About Me

My photo
A 40-ish publisher (editor, project manager, etc.), husband, and father of an even number of offspring, I grew up, or failed to, reading fantasy and sci-fi. I still enjoy reading, and now am trying to write. My favorite books include YA fantasy, manga, biography, and advice to authors. I'm also a former history major/grad student/high school teacher and assessment writer. Now I work for a school supplement publisher, specializing in high-low chapter books. I spend a lot of my time controlling reading levels. At night, I cut loose and use long words. W00t!

Tuesday, August 24, 2010

online manga going legit?

I read manga. A lot of it, actually. I recently started buying it again because I was looking at so much free online manga.
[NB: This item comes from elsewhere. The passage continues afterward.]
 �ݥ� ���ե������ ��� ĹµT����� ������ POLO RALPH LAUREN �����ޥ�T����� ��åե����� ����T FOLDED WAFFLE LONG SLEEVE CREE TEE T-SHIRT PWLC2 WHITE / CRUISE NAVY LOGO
The group of publishers who organized to stop free distribution of manga have it right. I'm hooked - now it's time to start charging me for content. (Before the web, I collected manga. I have boxes in the garage. Maybe I should sell...)
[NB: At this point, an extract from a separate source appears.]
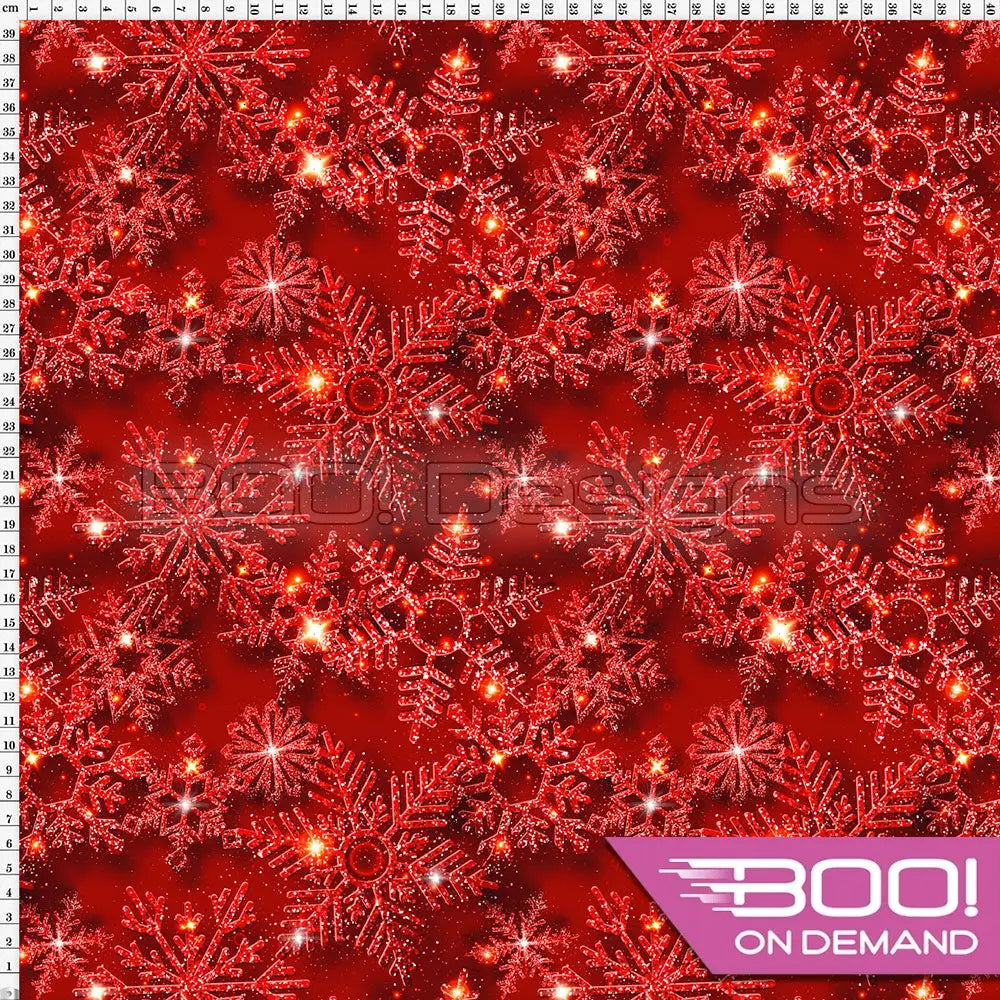 Spandex Snowflake Glitz Red Fabric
I hope they'll start paying creators better in the same move.

Manga creators and fans may get an interesting break from the publishers' stranglehold, though. In After Scanlations: Manga Publishers Look to Offer Legal Digital Access, Kai-Ming Cha tells about several publishers' (Yen, Viz) and distributors' (Crunchyroll) plans to offer paid access online.

This is where the publishers have it wrong, I think. Yen's "Yen Plus" will only offer Yen titles. Viz will offer the much more appealing (to me) catalog of Viz titles.
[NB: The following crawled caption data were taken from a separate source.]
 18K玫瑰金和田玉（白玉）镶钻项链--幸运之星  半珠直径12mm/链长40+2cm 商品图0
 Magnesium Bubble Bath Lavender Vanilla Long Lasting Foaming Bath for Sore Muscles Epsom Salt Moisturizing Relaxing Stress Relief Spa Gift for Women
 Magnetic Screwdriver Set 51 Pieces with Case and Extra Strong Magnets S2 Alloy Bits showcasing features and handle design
Would you pay a fee to a music label for access online to its signed artists' work?

That's why I think the iTunes model (I've been going on about this for awhile) - which I'm encouraged to read Crunchyroll (currently distributing eons of anime content for low to no fees) is building a manga reader. They're not publishers, so they just license the content they think will work and for which they can get the rights.

Best of luck to 'em.

By the way, since computer screens are landscape, and manga pages mostly portrait, will the reader be capable of rendering the page legibly in the space available?